EXERCISE INSTRUCTIONS: Leaving out the pictures, return each line of the entries from the first through the line with "Râmnicu Vâlcea Ilona", and only those lines.

[Saved entries]
*-*-*

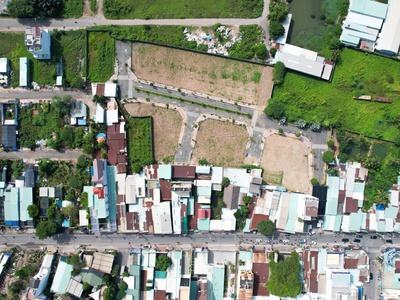 Bán đất tại nguyễn duy trinh, 8,5 tỷ, 90m2, q2, hcm 3
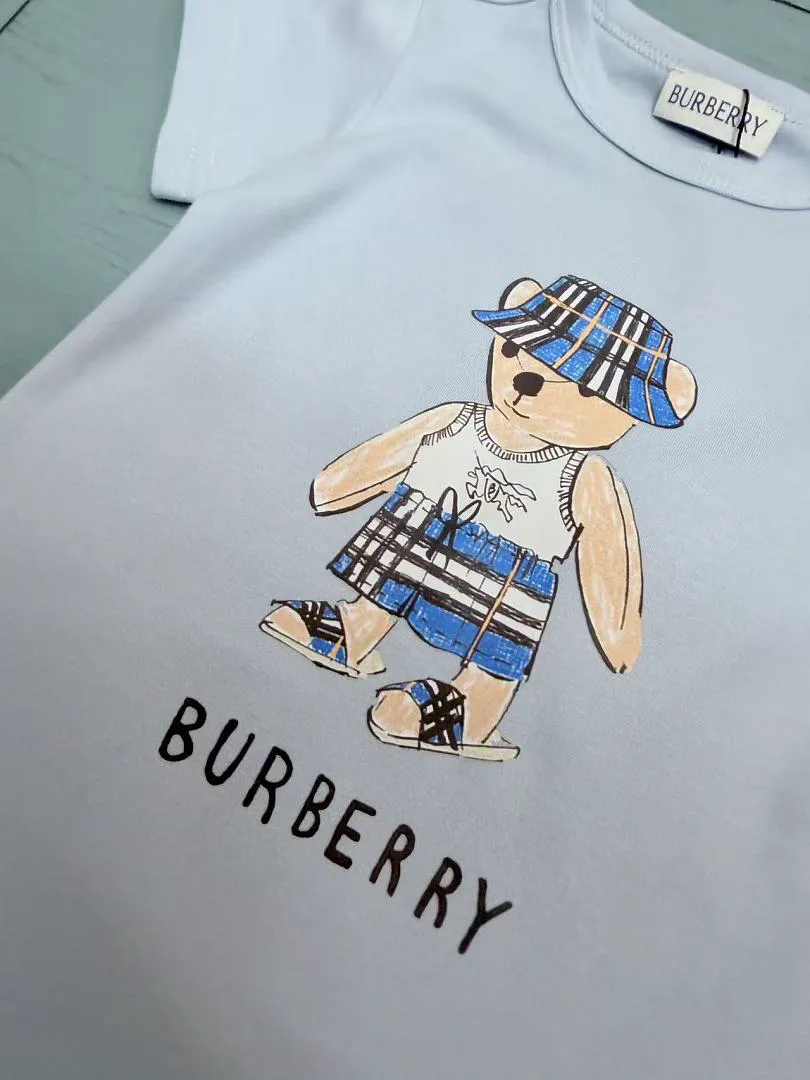 Burberry BBRYF109 תמונה 5
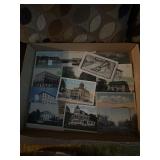 Post cards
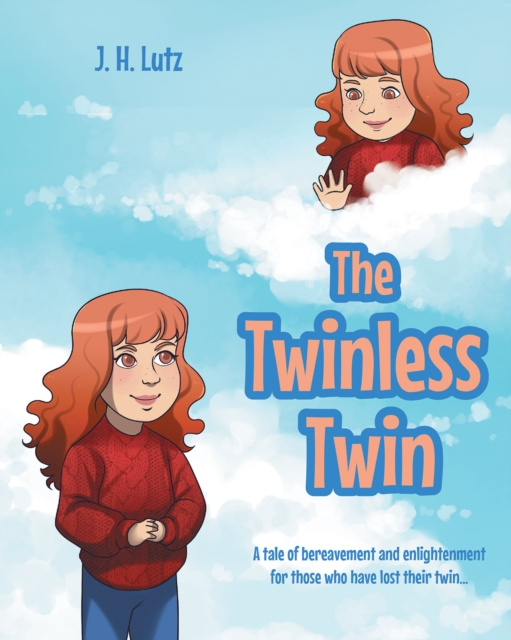 E-book Twinless Twin J. Lutz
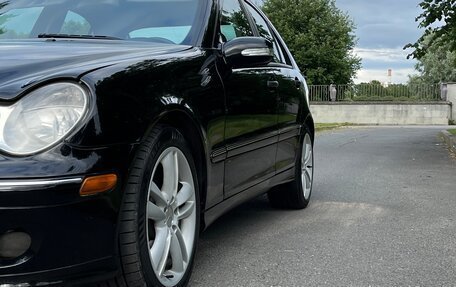 Mercedes-Benz C-Класс, 2005 год, 670 000 рублей, 4 фотография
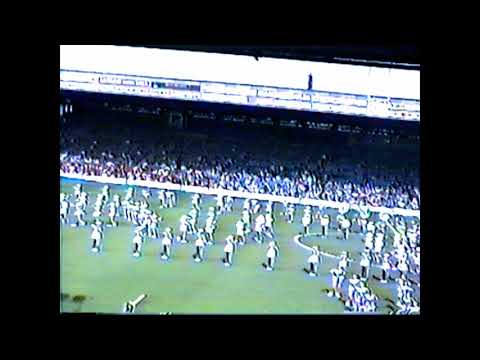 Barron Collier HS Band @ Crystal Palace (Tommy) 1993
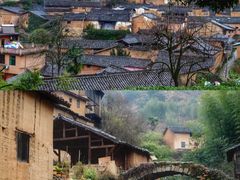 -杨家堂村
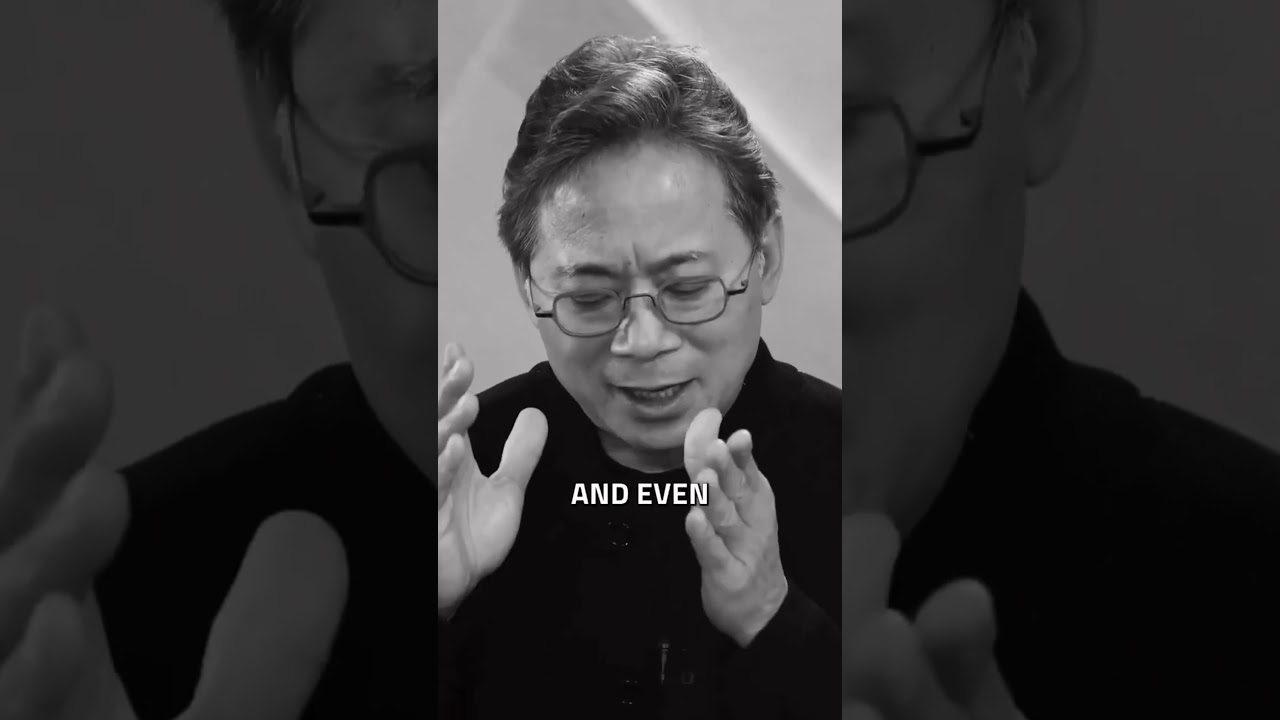 Вот почему стоит пить зелёный чай | Доктор Уильям Ли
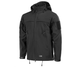 Куртка M-Tac Soft Shell Police Black XS - изображение 2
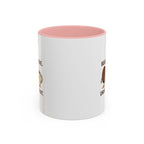 Bean There-Drank That Ceramic Coffee Mug (11, 15oz)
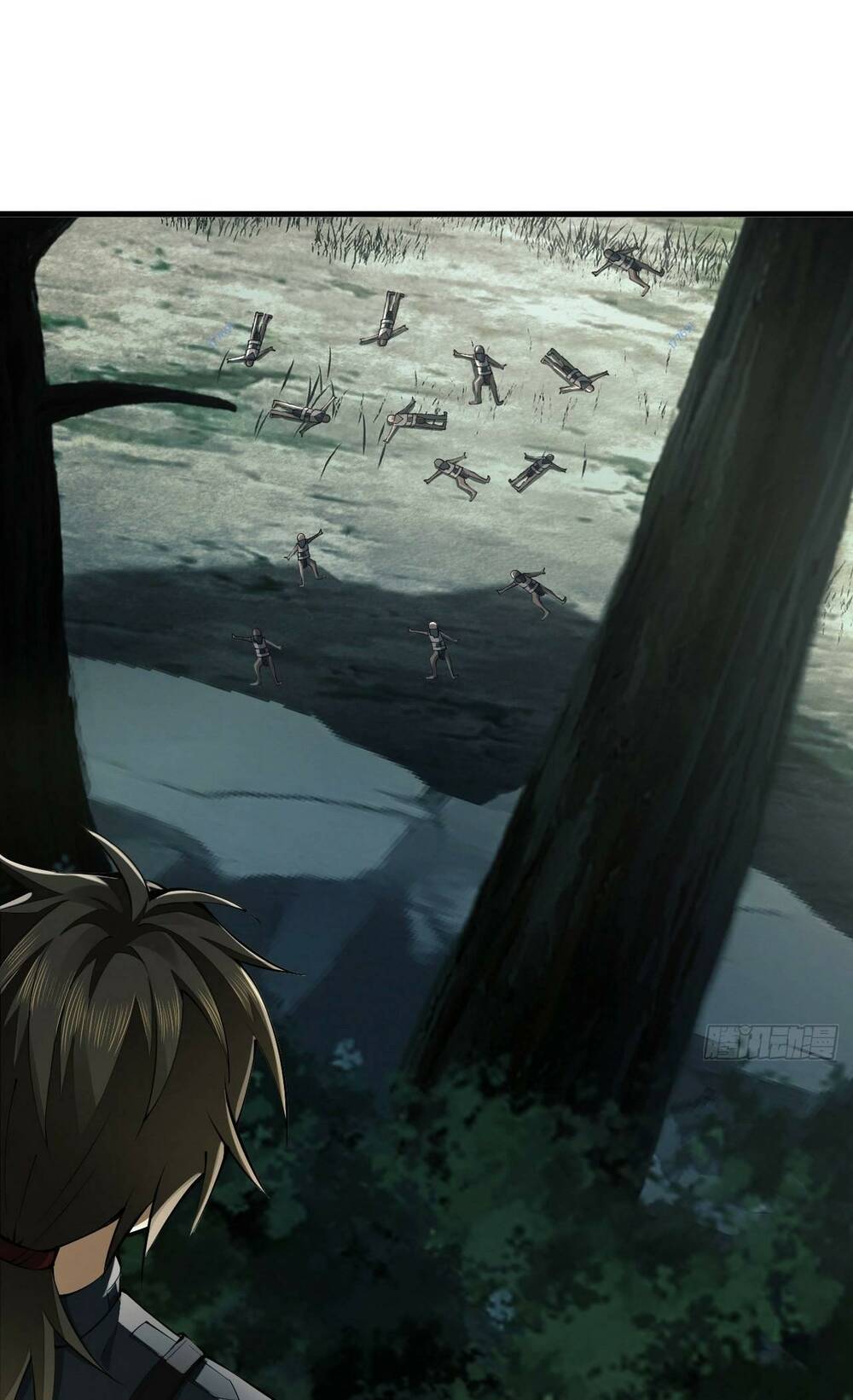 Đệ Nhất Danh Sách Chapter 212 - Trang 2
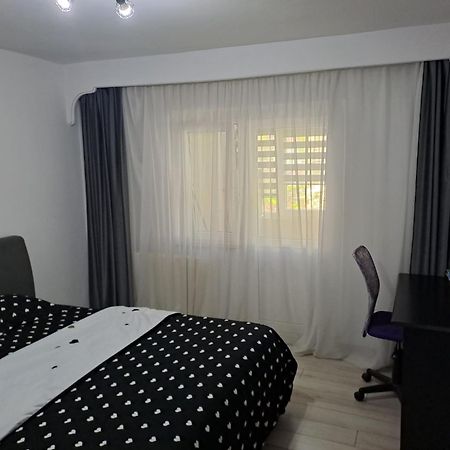 Râmnicu Vâlcea Ilona Apartament 3 Camere מראה חיצוני תמונה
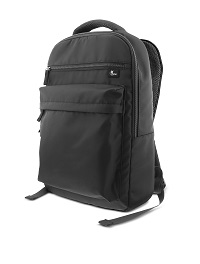 Mochila Xtech Harker para Portátil, panel posterior acolchado hasta 15.6“, Negro, cap:10kg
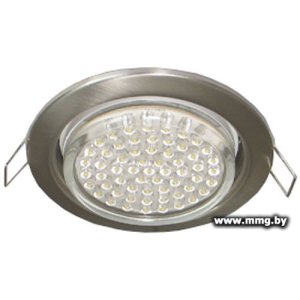 Купить Точечный светильник Ecola GX53 FS5310ECB (10 шт) в Минске, доставка по Беларуси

*-*-*

EXERCISE RESPONSE:
 Bán đất tại nguyễn duy trinh, 8,5 tỷ, 90m2, q2, hcm 3
 Burberry BBRYF109 תמונה 5
 Post cards
 E-book Twinless Twin J. Lutz
 Mercedes-Benz C-Класс, 2005 год, 670 000 рублей, 4 фотография
 Barron Collier HS Band @ Crystal Palace (Tommy) 1993
 -杨家堂村
 Вот почему стоит пить зелёный чай | Доктор Уильям Ли
 Куртка M-Tac Soft Shell Police Black XS - изображение 2
 Bean There-Drank That Ceramic Coffee Mug (11, 15oz)
 Đệ Nhất Danh Sách Chapter 212 - Trang 2
 Râmnicu Vâlcea Ilona Apartament 3 Camere מראה חיצוני תמונה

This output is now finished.